Over the past year, my interest in broths and stocks has increased with each passing week. My first encounter was at Hulbert’s, where Chris would save vegetable trimmings--carrot skins, thick, white celery ends, and onion roots--in a pot in the cooler. Never broccoli or cauliflower, he said, because they produce a “skanky” broth. Once enough scraps had accumulated they were thrown in a stock pot, covered with water, simmered for eight hours, and strained. At the time this was just a curious process that I figured I would try at home, eventually.
Then I read Alton Brown’s I’m Just Here for the Food, which details the process of making stock from chicken carcasses. The “sauces” section of that book convinced me of the usefulness of having a ready reserve of stock in the freezer. I now thought of stock as a useful trick up my culinary sleeve.
During the summer, when Lisa and I were making most of our meals from scratch, we were often wishing we had stock so we could make soups, sauces, and gravies. Going through lots of produce and a few whole chickens, we gathered enough scraps to produce the occasional batch of the elusive liquid.

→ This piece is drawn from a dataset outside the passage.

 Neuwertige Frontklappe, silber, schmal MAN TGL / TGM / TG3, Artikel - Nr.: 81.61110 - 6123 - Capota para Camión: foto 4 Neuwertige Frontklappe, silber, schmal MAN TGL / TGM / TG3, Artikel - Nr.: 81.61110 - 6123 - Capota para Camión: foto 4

Furthermore, we recently bought stainless steel cookware, and the sticky bits left in the pan after we cook meat are absolutely begging to be deglazed with stock and made into an accompanying sauce.

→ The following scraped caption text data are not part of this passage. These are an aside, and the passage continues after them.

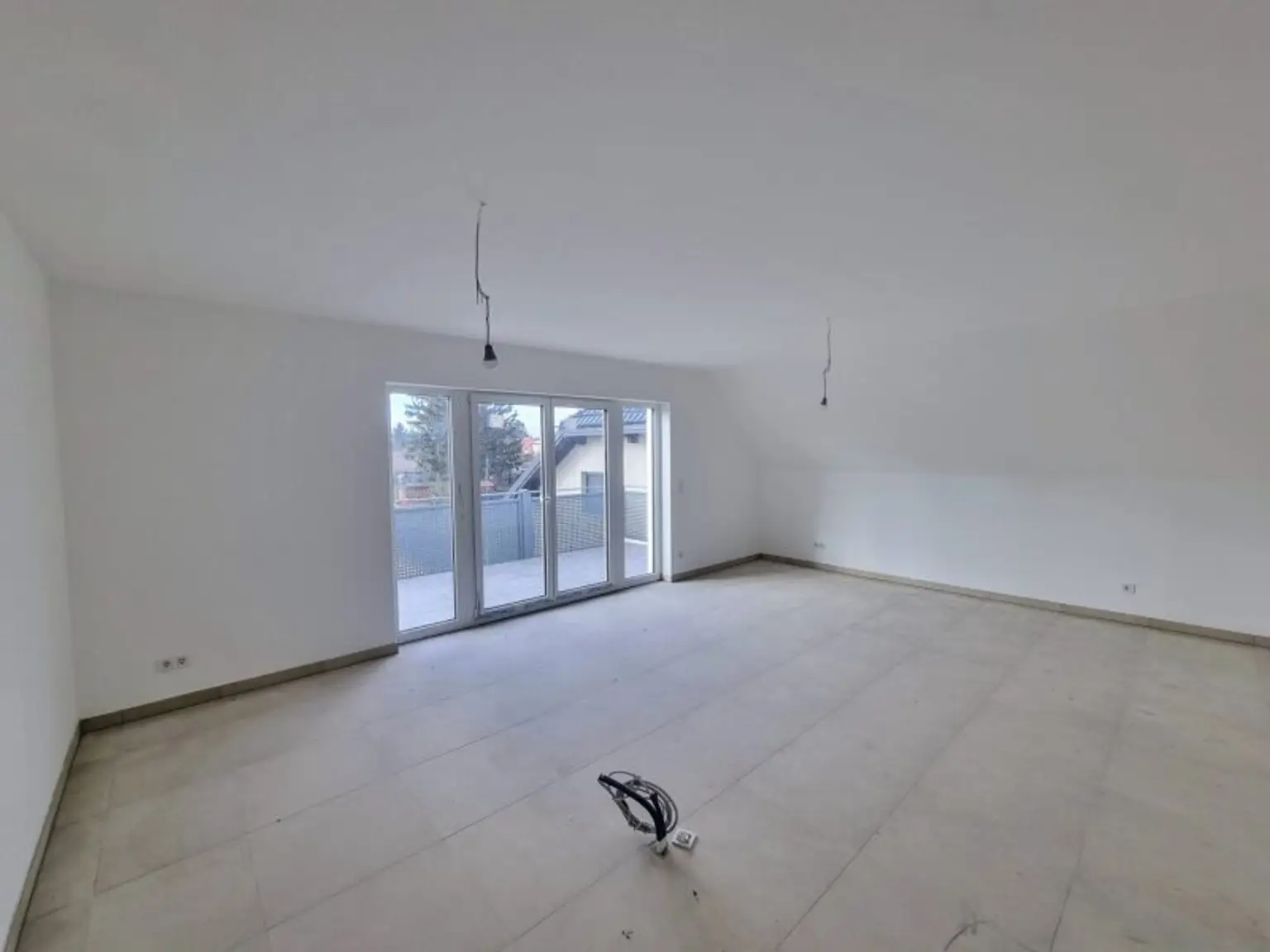Traumhafte Erstbezug-Wohnung mit Balkon und zwei Stellplätzen – optimale Bahnverbindung nach Wien
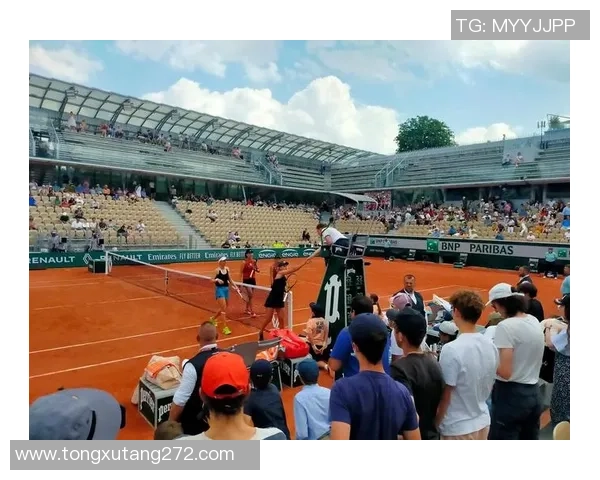 球场英雄集结荣耀时刻 足球世界全明星尽显风采 球场英雄集结荣耀时刻 足球世界全明星尽显风采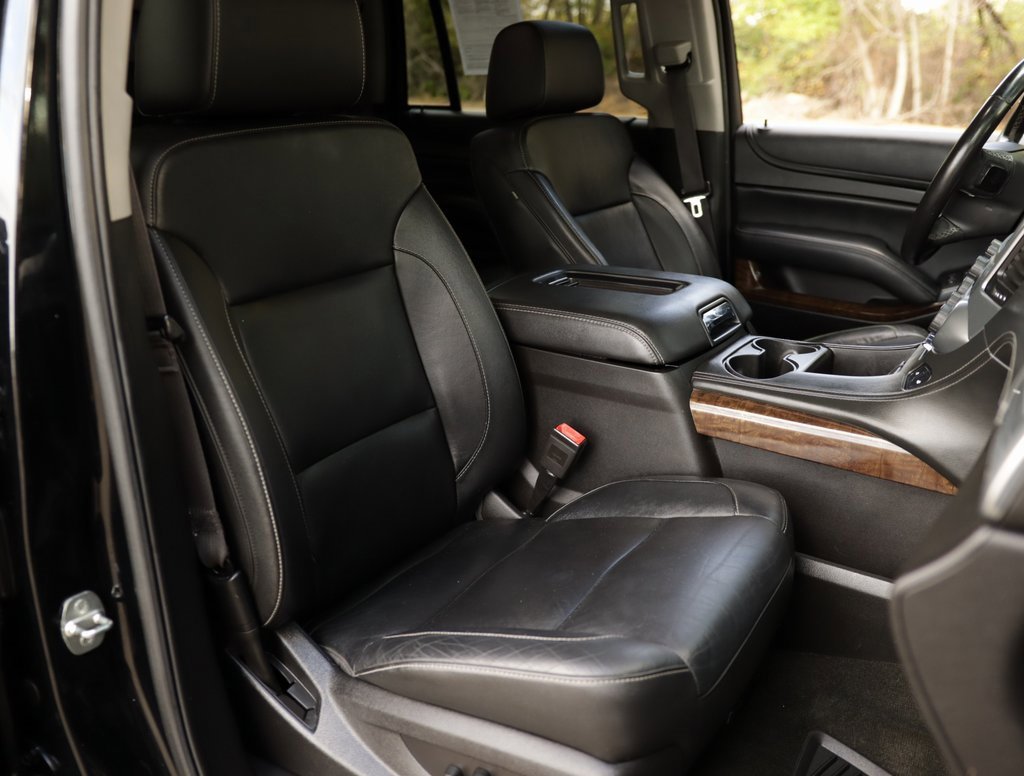 2017 Chevrolet Tahoe LT photo 32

The final blow came while reading Anthony Bourdain’s book Kitchen Confidential, where I found lines like, “Stock is the backbone of good cooking,” and “Life without stock is barely worth living.” Needless to say, these words added an almost desperate urgency to my experiments with stock.

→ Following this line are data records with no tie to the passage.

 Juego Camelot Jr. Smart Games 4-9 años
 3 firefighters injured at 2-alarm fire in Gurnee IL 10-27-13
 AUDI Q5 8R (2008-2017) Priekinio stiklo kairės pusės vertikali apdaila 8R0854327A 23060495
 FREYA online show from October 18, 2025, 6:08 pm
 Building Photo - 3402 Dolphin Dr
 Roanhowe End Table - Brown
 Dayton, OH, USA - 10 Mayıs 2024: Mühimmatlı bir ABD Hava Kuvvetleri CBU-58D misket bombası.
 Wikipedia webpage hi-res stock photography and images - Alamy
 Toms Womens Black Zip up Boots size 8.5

I started some research. Very few professional sources recommended the use of cutting board scraps. I guess this makes sense, as consistency is usually an obsession of the restaurant industry, and the hodge-podge stock pot produces a different product every time. It’s still a great method for the home kitchen, though.
Using fresh, whole vegetables for a mere stock seemed criminal at first, but by the last harvest day at our CSA, Lisa and I were completely overwhelmed. Even after freezing and canning what we could, there was a surplus of the very vegetables that most vegetable stock recipes call for.
I eventually decided to try a Robuchon recipe that uses vegetables, herbs, dry white wine and star anise. I’ve appended the recipe below. I also gleaned the following advice from Joel: simmer very, very gently, otherwise the finished stock will be cloudy.
I set to work. When the mixture first started to simmer, all I could smell was anise, and I was worried that its unique taste would completely obscure the subtler aromatics. By the time the stock was done, the anise had married well with the others. The wine added a mild, pleasant acidity.
I'm hooked. My next experiment will be beef stock. Apparently the first step in that process is procuring beef bones. I need to befriend a butcher. Fast.
Vegetable Stock (From The Complete Robuchon)
3 stalks celery, roughly chopped
2 leeks, roughly chopped
2 carrots, roughly chopped
1 onion, roughly chopped
2 cloves garlic, chopped
2 cups dry white wine
2 whole star anise
1 bouquet garni (3 stems parsley, thyme, and 1/2 bay leaf)
2 scant teaspoon coarse salt
pepper
6 1/4 cups water
Combine ingredients and simmer very gently for three hours, skimming foam from surface every half hour. Yields about one litre of stock.